Ketentuan mengenai sanksi denda atas pelanggaran pemrosesan data pribadi disarankan juga perlu diukur dengan memperhatikan keluasan spektrum valuasi dan omset industri di Indonesia. Adapun salah satu peraturan perundang-undangan yang bisa dirujuk pemerintah dalam situasi ini adalah UU No 20/2008 tentang UMKM. UU ini telah menetapkan batas kriteria terhadap empat jenis usaha yang terbagi atas usaha mikro (omzet maksimal Rp 300 juta), usaha kecil (omzet maksimal Rp 2,5 miliar), usaha menengah (omzet maksimal Rp. 50 miliar), dan usaha besar (omzet di atas Rp 50 miliar).
Kesetaraan
Terkait keputusan kesetaraan hukum dengan negara lain, Wahyudi berpendapat setiap negara memiliki regulasi berbeda. Sebagai contoh, Uni Eropa melalui General Data Protection Regulation (GDPR) meminta otoritas independen pengawas perlindungan data pribadi. Sementara di Indonesia, UU PDP mengamanatkan otoritas pengawas perlindungan data pribadi di bawah presiden.
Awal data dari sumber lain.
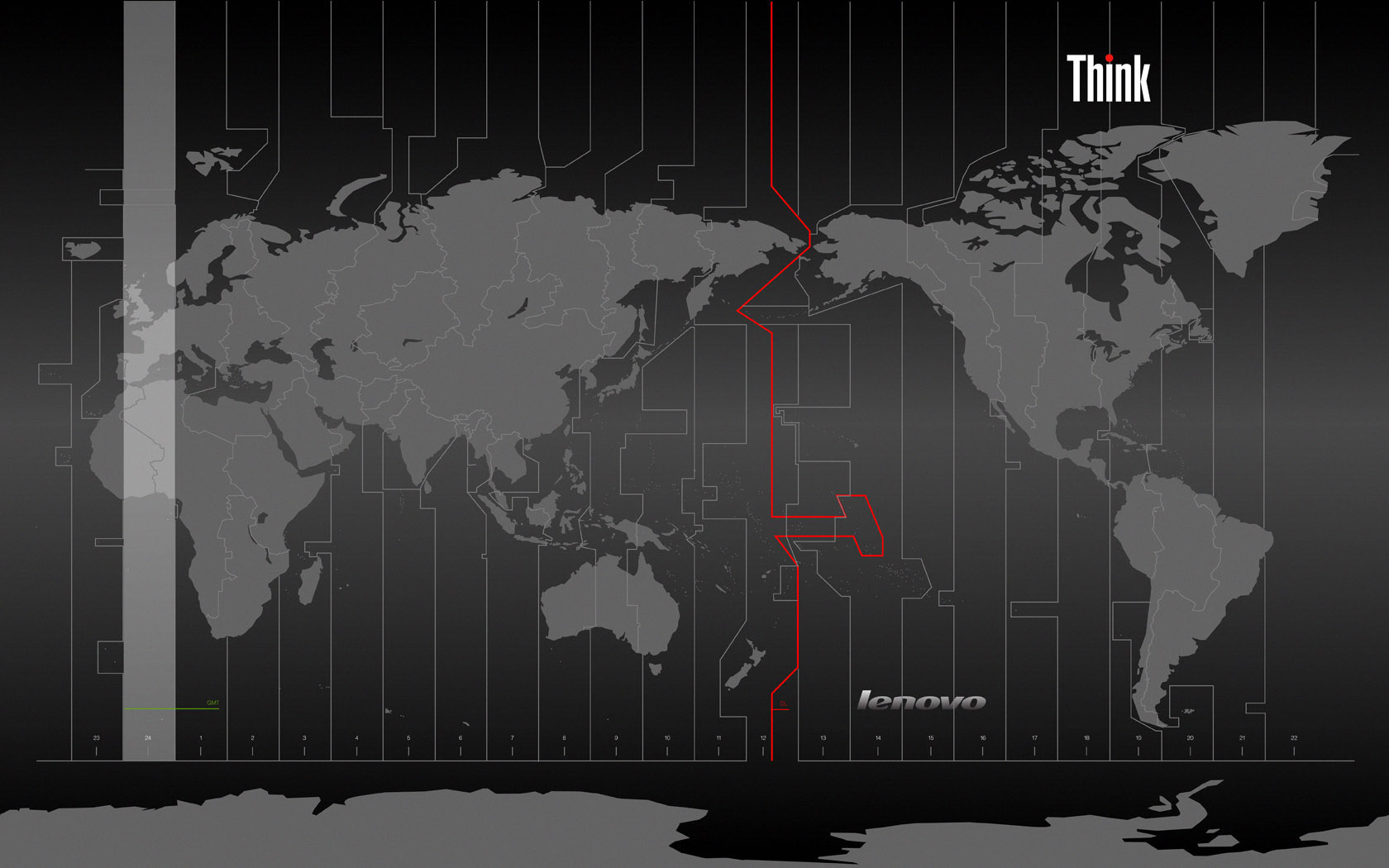 Lenovo Think world map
“Apabila pemerintah Indonesia memiliki perjanjian dengan pemerintah negara lain, ini bisa dipakai mendorong kesetaraan transfer data internasional. ASEAN telah memiliki ASEAN Data Management System yang mengacu pada klausul standar kontraktual GDPR Uni Eropa. Indonesia bisa menggunakan itu,” kata Wahyudi.
Sementara Danny menyampaikan, setiap negara yang sudah mempunyai peraturan perundang-undangan perlindungan data pribadi memiliki tim yang memeriksa aturan tiap negara. Di Uni Eropa juga. Apabila Indonesia memiliki level yang dianggap setara, Uni Eropa akan memasukkan Indonesia dalam white list.
“Perusahaan teknologi multinasional yang memiliki pasar di Indonesia harus patuh dengan UU PDP dan regulasi perlindungan data pribadi dari negara asalnya. Dengan adanya UU PDP ini, seluruh peraturan perlindungan pribadi yang sudah ada sebelumnya dan bersifat sektoral akan mengikuti UU PDP. Artinya, perusahaan multinasional harus siap kerja keras melakukan penyesuaian-penyesuaian mengikuti ketetapan di UU PDP,” ujar dia.